Even after half a century since their last album, fans are still willing to call the Beatles one of the greatest bands to ever play rock and roll music. When someone's been at the top that long though, you have to wonder whether these kind of songs actually stand the test of the time like people say they do. So have the Fab Four really earned that accolade as history's greatest band? Answer: HELL YES.
In just under a decade of recorded history, these four musicians from Liverpool gave us more than our fair share of perfect recordings, with absolutely nothing that could be improved about them. You can chalk it up to the Lennon/McCartney songwriting machine if you want to, but every single member of the band made these songs what they were, both through insane recording techniques as well as finetuning bits and pieces of the songs into something legendary.
We also have to keep in mind George Martin as well, a production wizard who took every bonkers idea that the band ever had and turned it into solid gold. Keep in mind this is not a list of the most successful hits that the band ever had or anything. These are just the brief moments where they managed to tap into something that was too perfect for any of us to equal up to.
10. Here There and Everywhere - Revolver
In the years leading up to Revolver, the Beatles were clearly a different band than the one we got to know with the moptops. After a few months of Beatlemania on the road, the Fabs had grown out of their innocent phase real quick and were starting to use the studio as a means to experiment with new sounds. That's not to say that they hadn't lost their touch with writing love songs though.

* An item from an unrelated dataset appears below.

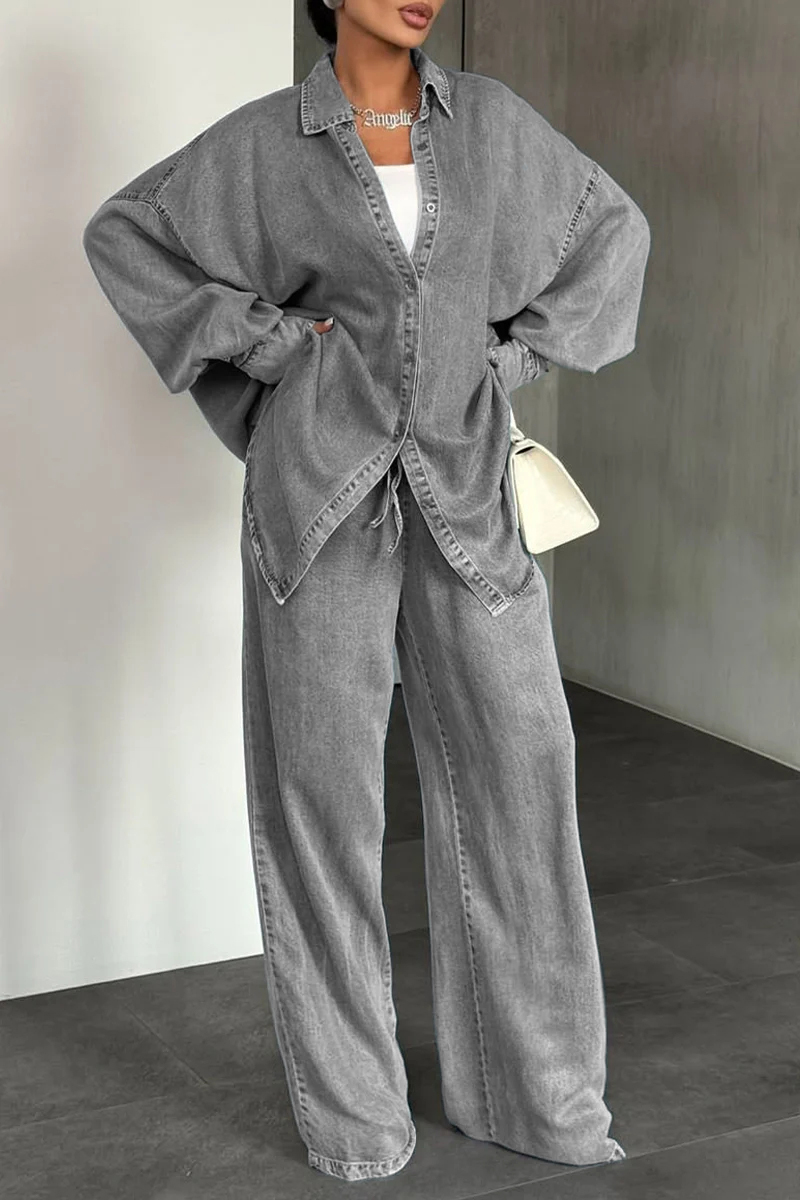 New Arrivals🔥 Women's Buttoned Cardigan Denim Suits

Looking at Here There and Everywhere, Paul crafts the perfect ode to adolescent romance into just 2 minutes, without any of the wild effects that they were known for at the time. You're not going to see any sitars or backwards sounds here, just carrying the entire tune with one lone electric guitar and the Beatles' three part harmonies leading the way behind Ringo's gentle pulse. Don't just take the word of some random guy on the Internet though. This McCartney tune actually got the seal of approval from the Beatles' harshest critic: John Lennon.
In going through the initial demos of their respective songs, John had mentioned to Paul that this song was miles better than anything that he had written around this time as well. That's just a testament to what Paul captured in that beginning stage. Even though this was the album where everything started to get a little bit bonkers, nothing can get in the way of a great song.